Вы помните доказательства, иллюстрирующие, в какой степени так называемые «умерщвления из милосердия» стали общеизвестным фактом через несколько месяцев после того, как они начались. В июле 1940 года епископ Ворм обратился с письмом к Фрику. В августе он писал министру юстиции. В сентябре, ничего не добившись, он снова обратился к Фрику и к министру юстиции.

Я собрал здесь доказательства, связанные с преданием легкой смерти. Как помнит Трибунал, по этому поводу говорил генеральный прокурор; кроме того, мой любезный друг Гриффит Джонс[235] в своем выступлении также обращал на это внимание Трибунала. Для сокращения времени, если позволите, я изложу содержание следующих страниц в форме резюме. Конец страниц 32-й и 33-й показывает, что церковь возражала против этих мер и что партия эти меры по преданию «легкой смерти» поддерживала. В конце страницы 33-й и на страницах 33-а и 34-й я рассматриваю вопрос, является ли предание «легкой смерти» военным преступлением, и представляю доказательство того, что эта мера преднамеренно использовалась для того, чтобы организовать население для войны и ограничить число бесполезных едоков в стране в военное время.

Епископ Вурм[236] сообщал о событиях, происходивших в Вюртемберге. Однако такие события происходили не только в Вюртемберге, Штутгарте и Наумбурге. На расстоянии нескольких сот миль то же самое происходило в Штетине, о чем свидетельствуют письма, направленные 6 сентября 1940 года наблюдателем в Штутгарте в министерство юстиции и Ламмерсу (М-151, ВБ-529), и письмо Ламмерса министру юстиции от 2 октября 1940 года (М-621, ПС-715). К августу следующего года те же события происходили в предместьях Висбадена, о чем свидетельствует письмо епископа Лимбурга (ПС-615, США-717) Фрику, министру юстиции и министру по делам церкви. Те же события имели место и во Франконии, причем мы располагаем досье, из которого явствует, какую роль в этих событиях играли политические руководители Франконии. Читая эти письма, можно ли сомневаться в том, что аналогичные события должны были происходить во всех других районах Германии, где действовали эти комиссии, нацеленные на убийство? Борман 24 сентября 1940 года пишет гаулейтеру Франконии и одному из своих крейслейтеров:

«Естественно, что представители христианской идеологии высказываются против мер, принимаемых Комиссией; столь же естественным должно быть то, что всем органам партии надлежит по мере необходимости поддерживать работу Комиссии»

(Д-90б).

Как может доктор Серватиус говорить, будто это доказательство свидетельствует о том, что политические руководители не принимали участия в осуществлении этих мер и что они о них не знали? Одной этой фразы из письма Бормана достаточно для того, чтобы обосновать как преступный руководящий состав нацистской партии, тот состав, в который входили руководители органов партии, которым надлежало поддерживать данные комиссии.

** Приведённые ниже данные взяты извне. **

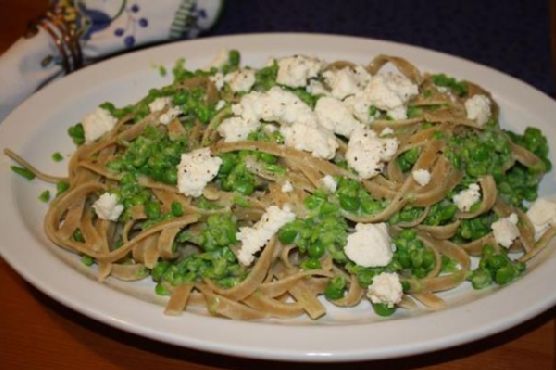 Fettuccine with smashed peas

В ходе перекрестного допроса обвинением свидетелей защиты руководящего состава затрагивался вопрос, относится ли эвтаназия как преступление к юрисдикции настоящего Трибунала в силу статьи 6 Устава. Явно не может быть серьезного сомнения по поводу того, что убийство 270 000 человек является преступлением против человечности. Правда, 270 000 трупов, возможно, бледнеют рядом с массовыми убийствами на оккупированных территориях и в концентрационных лагерях; тем не менее, это преступление почти невероятных масштабов. Не может также быть сомнения в том, что это было преступление, совершенное в связи с агрессивной войной. Из письма епископа Вурма Фрику от 19 июля 1940 года (М-152, ВБ-530) мы узнаем, что эти убийства совершались по приказу имперского совета по обороне. Членами имперского совета обороны были Геринг, Кейтель, Фрик, Редер, Функ, Гесс и Риббентроп. В своем письме от 5 сентября епископ писал:

«Если руководство государством убеждено в том, что это вопрос неизбежной меры военного времени, почему оно не издаст декрет, имеющий законную силу?»

(М-152, ВБ-530).

Цель этих преступлений ясна так же, как она была ясна католикам — жителям Абсбурга; эти люди, как докладывал ортсгруппенлейтер, утверждали:

«Должно быть, государство сегодня находится в плохом состоянии, иначе не могло бы случиться так, что этих несчастных будут просто посылать на смерть для того, чтобы средства, которые до сего времени тратились на их содержание, могли бы быть теперь предоставлены на ведение войны»

(Д-906).

Я просто напомню Трибуналу кратчайшим образом о замечаниях Бормана по поводу направления различным семьям писем с одинаковой формулировкой о судьбе их родственника; о требовании гауштабсамтслейтера Нюрнберга находить более умные формулировки для уведомлений, если 30 000 уже предано смерти и предстоит предать смерти еще в 4 раза большее число людей; о сомнениях крейслейтера Эрлангена; о серьезных трудностях в связи с направлением уведомлений, с которыми столкнулся крейслейтер Ансбаха. Ни этот крейслейтер и ни один из других, как представляется, не испытывали никакого беспокойства по поводу того, что они сами активно поддерживали администрацию, совершавшую массовые убийства. Если их клятва верности фюреру освобождала их от мук совести, может ли она освободить их от моральной или преступной виновности?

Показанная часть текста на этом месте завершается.